Review History


All reviews of published articles are made public. This includes manuscript files, peer review comments, author rebuttals and revised materials. Note: This was optional for articles submitted before 13 February 2023.

Peer reviewers are encouraged (but not required) to provide their names to the authors when submitting their peer review. If they agree to provide their name, then their personal profile page will reflect a public acknowledgment that they performed a review (even if the article is rejected). If the article is accepted, then reviewers who provided their name will be associated with the article itself.

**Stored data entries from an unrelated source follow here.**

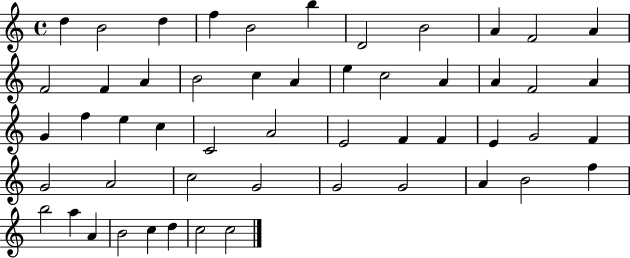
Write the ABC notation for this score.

X:1
T:Untitled
M:4/4
L:1/4
K:C
d B2 d f B2 b D2 B2 A F2 A F2 F A B2 c A e c2 A A F2 A G f e c C2 A2 E2 F F E G2 F G2 A2 c2 G2 G2 G2 A B2 f b2 a A B2 c d c2 c2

View examples of open peer review.

Summary

  • The initial submission of this article was received on February 9th, 2023 and was peer-reviewed by 2 reviewers and the Academic Editor.
  • The Academic Editor made their initial decision on August 18th, 2023.
  • The first revision was submitted on October 3rd, 2023 and was reviewed by 2 reviewers and the Academic Editor.
  • A further revision was submitted on November 1st, 2023 and was reviewed by the Academic Editor.
  • The article was Accepted by the Academic Editor on November 6th, 2023.

Version 0.3 (accepted)

· Nov 6, 2023 · Academic Editor

Accept

The reviewers were satisfied with the previous version, pending a few minor issues, which appear to have been addressed by the authors.

[# PeerJ Staff Note - this decision was reviewed and approved by Claudio Ardagna, a PeerJ Section Editor covering this Section #]

Version 0.2

· Oct 26, 2023 · Academic Editor

Minor Revisions

The reviewers are overall satisfied with the revised version of the manuscript. Nonetheless, one of the reviewers has identified some grammar and typo issues. Please address those, and in general, carry out a rigorous proof-check of your manuscript.

·

Basic reporting

Thank the authors for their efforts in considering my comments and revising the manuscript.

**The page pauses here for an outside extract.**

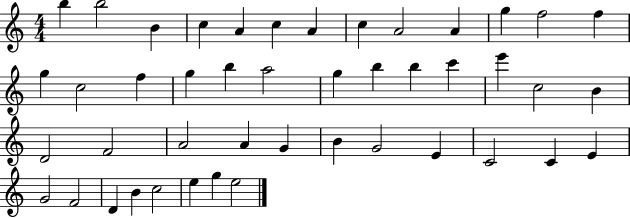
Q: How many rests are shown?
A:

I have found this revised manuscript significantly improved for the previous presentation issues. All my previously mentioned points have been corrected or enhanced properly. Here, when the authors were addressing those issues, I found that the below very minor wording/grammatical issues or typos were introduced:
R1. Line 171: the the -> the
R2. Line 205: ..., here it is used to obtain the head of BERT, and ... -> ... (here it is used to obtain the head of BERT), and ...
R3. Line 216: ... is the representation of length D of node v -> ... is the representation of node v (in the form of a D-dimensional vector)

Also, after Figure 2 was adjusted (where part of the figure was enlarged), I found that:
R4. it could be slightly improved if the green arrows (which seems vague and hard to observe) could use a darker color to make them more observable.

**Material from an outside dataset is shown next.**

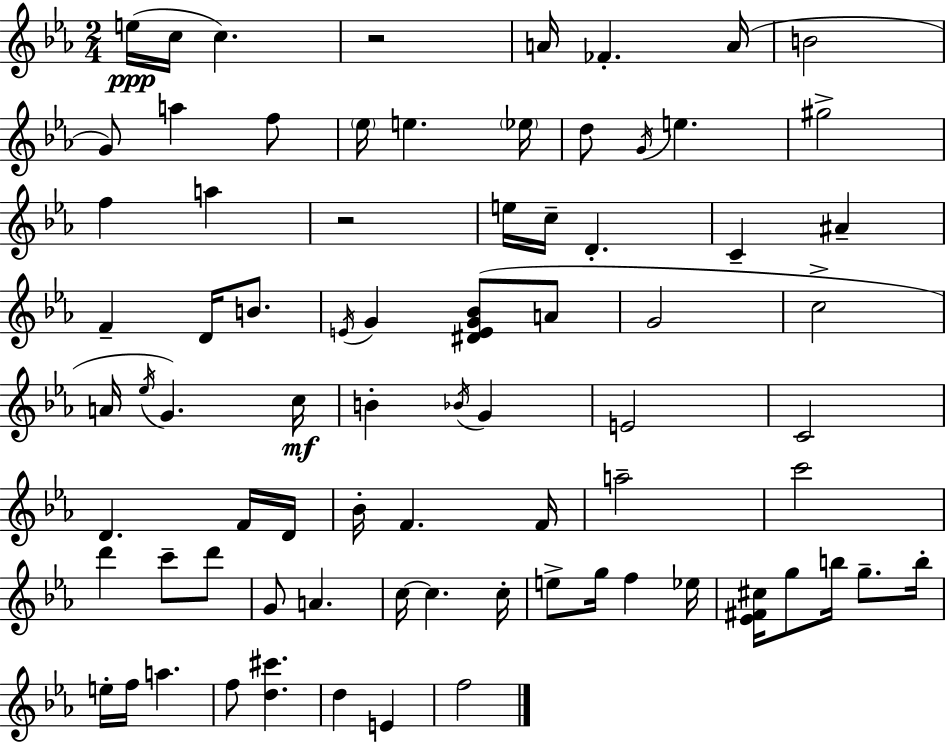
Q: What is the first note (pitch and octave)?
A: E5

Regarding the previous experimental issue, I have read the explanation from the authors and the revised experiment introduction which are convincing. I accept the explanation and revision about the experimental part.

Overall, I found that the quality of the manuscript has been enhanced significantly with only very minor changes to make. I would be appreciated if the editor could check with the further revisions list above (numbered from R1 to R4).

Experimental design

no comment

Validity of the findings

no comment

Additional comments

no comment

·

Basic reporting

The authors have accurately explained all of the questions by the reviewer. Corresponding relevant changes have been updated in the manuscript.

Experimental design

The authors have accurately explained all of the questions by the reviewer. Corresponding relevant changes have been updated in the manuscript.

Validity of the findings

The authors have accurately explained all of the questions by the reviewer. Corresponding relevant changes have been updated in the manuscript.

Additional comments

The authors have accurately explained all of the questions by the reviewer. Corresponding relevant changes have been updated in the manuscript.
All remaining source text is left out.